There is nothing that won't rot or rust. Eventually.
Multiple layers are used for the roof system Generally (at a minimum) there is a waterproof liner over a stronger support material covered with a growing media. I would use a digging-tool resistant layer over the waterproof layer as well. I believe the link above (or a google search) will get you to a more detailed and accurate description of what actual roofs are built out of.
Here is a link to a recent article on the Bend Parks & Rec building eco-roof. http://bendbulletin.com/apps/pbcs.dll/article?AID=/20091016/NEWS0107/910160421
The sidebar article talks about the engineering and construction materials.

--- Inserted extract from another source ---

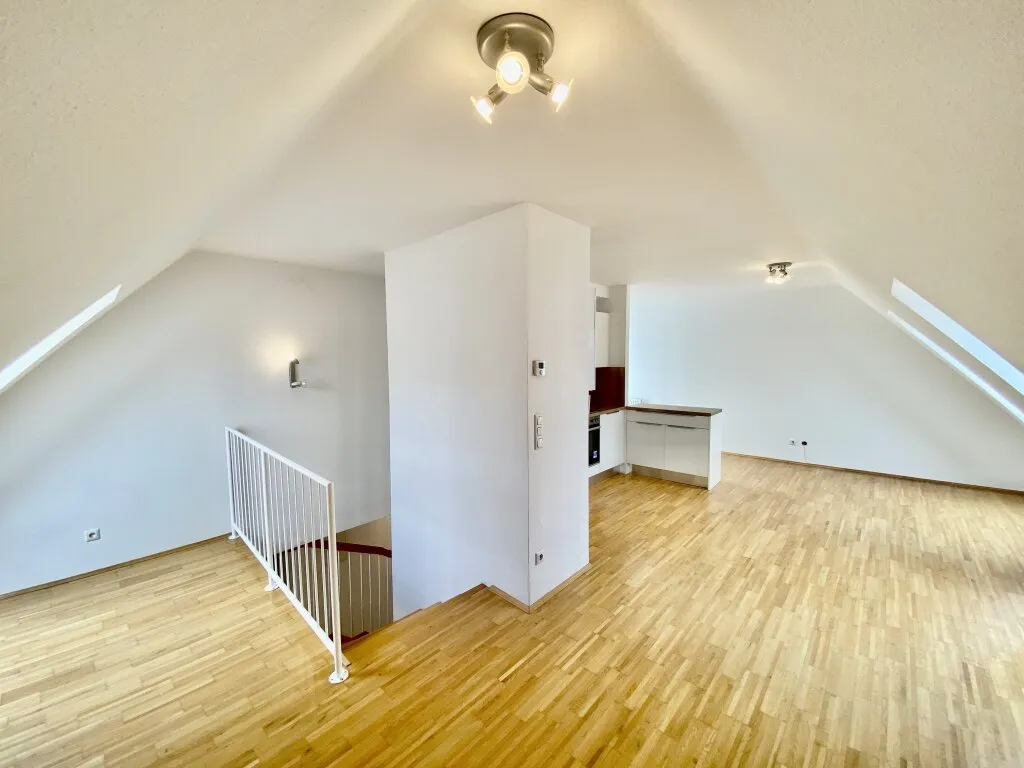 TOP-Angebot! 3-Zimmer-Maisonettewohnung mit Blick über die Dächer Wiens! - Поглед 2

I enjoyed reading your link, thanks. I'm glad the city of Bend OR invested in this new technology because they're pioneers that will lead to improvements. The sad thing is that most cities can barely maintain what they have in this economy.
I have grown Acre sedum and can attest to its' low maintenance/water needs. It forms a nice thick cover that would help protect against erosion but the root system seems weak for really anchoring. I keep thinking of the old sod roofs the settlers had on the prairies.
I think science will continue to develop improved materials for light weight, strength, filtering and so forth. But the costs must come down before we see mainstream use.
Cajun you live in the hills of KY and such terrain should be ideal for earth sheltered homes. I really like that idea but once again, the weight of the earth is a problem. I don't think I'd feel safe without something akin to bridge construction which would cost no telling what.
Many pioneer families lived in dugouts with sod roofs. I wonder how they waterproofed them.
Very interesting stuff.
I can imagine the health concerns to be raised over food crops grown in the midst of all the car exhaust of a city.
I expect dugouts with sod roofs were not much waterproofed, and very damp and smoky!
I think the pioneers did a lot of re-building. The sod itself would have absorbed a lot of the moisture.
Out on the great plains in Winter with no shelter is no good. Lots of wind and cold. Not much available for materials to build with and the wind precludes flimsy construction. You take what you can get.
I was wondering how they even got enough wood to hold the roof up. A short term housing I think, relatively warm for winter but not what you want too long.
1st guess on a source for wood is that you dismantle your wagon.
I would imagine they couldn't build to awfully far from water and there was likely scrub trees around the streams.
I thought they increased the roof pitch so the weight was on the sod walls? I could be wrong but every one I've seen had a steep roof.
I would imagine a naturally short grass like a no mowing grass would be a good filter as well as insulator. They usually have short root systems too so they would hold up on a steep slope.